I am not sure if this paper is the canonical answer, but I think it's a rather nice one. The punchline is that concurrency can be thought of as a rather simple monad transformer.
What monad transformer is it? Let me start by discussing the CPS monad a bit first.
The Continuation-Passing Style monad consists first of all of the type operator, call it C, that takes a type A to the double-negation CA = (A → ⊥) → ⊥. The injection η : α → Cα just throws the value it gets to the current continuation. It's
λ x . λ k . k x
The Kleisli lifting operation * : Cα → (α → Cβ) → Cβ makes some sense if you put yourself in a real CPS-translation sort of mood. What it is is the following:
λ z . λ f . λ c . z (λ a:α . f a c)
The story goes like this.
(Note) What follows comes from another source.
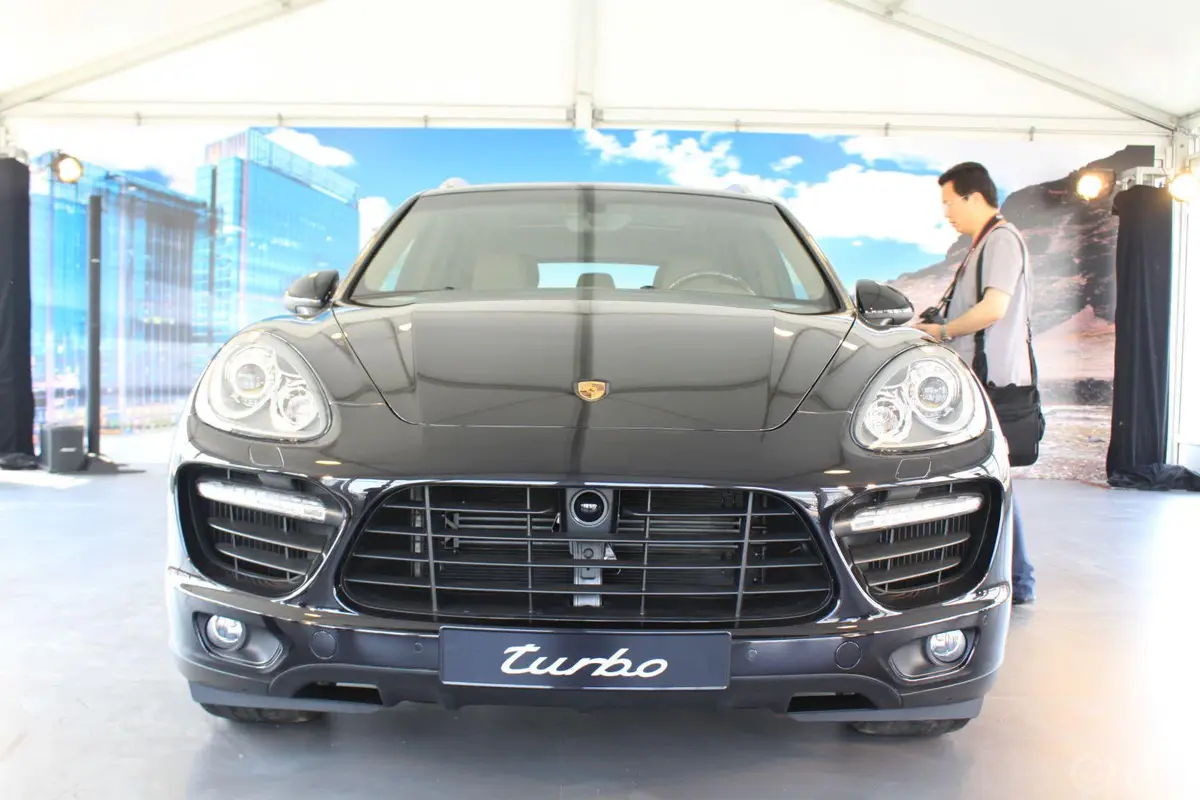 CayenneCayenne Turbo 4.8T外观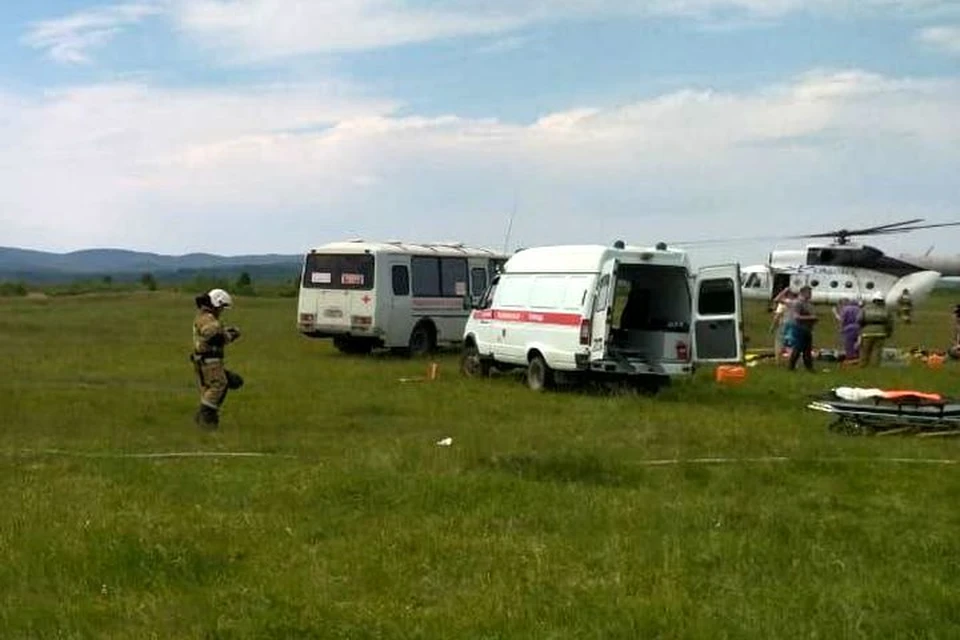 При крушении самолета четыре человека погибли, еще 15 пострадали. Фото: предоставлено очевидцами.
We have this computation z : Cα, and another computation that expects to get an α-value f : (α → Cβ). Our job is to build up a CPS computation, so that means that in any event we capture our current continuation c : (β → ⊥). This is where our ultimate answer, of type β, is supposed to be returned. So we launch off into the computation z. It will never return to us, but it will return an α-value to the continuation (λ a:α . f a c) we gave it. In this continuation, we grab the actual value, and feed it to f, which becomes a CPS computation monadically returning a β, so we subsequently feed it our original continuation c, and it's satisfied.
If you go through this story carefully, you can see that it doesn't actually depend on the type ⊥ being ⊥! For every type R of "results" or "ultimate return values" or however you want to think about it, there's a CPS-returning-R monad, whose type operator is CRA = (A → R) → R, and whose injection and kleisli lift are the same two lambda terms above.
What the paper does is, for any monad M that represents the effects that you already expected to be in your sequential language, make a clever choice of R, so that CR is the monad for the concurrent version of that language. And that choice of R is sort of like the binary tree monad, except you can inject little wrappers that apply the monad M internal unary tree nodes. It's the type (mixing ML and mathematical notation a bit)
datatype action = Atom of (M action) | Fork of action * action | Stop
The thing that I find tremendously cute about the whole setup is that you just can't avoid thinking correctly about what counts as atomic blocks. Every time you shell out to the monad M: that's an atomic block. By default, interleaving doesn't make any sense. The whole enterprise is to define what being allowed to engage in interleaving means, and you just have to tell the language which chunks are discernible enough to interleave. I remember Liu's talk at NJPLS had this same feeling about swapping the default assumption about atomicity and concurrency that I liked.
Anyway, once you capture the "trace" of your concurrent program in this data structure, it's then entirely definable how scheduling works. You can just write a function from CR() → M(). The paper does so, implementing a simple round-robin scheme. It's really slick. There's something that feels like cheating about it, since it seems possible to emulate fork-join parallelism, but the "trace" datastructure only has the forks in it — interaction between processes takes place in the sequential composition of the original monad M.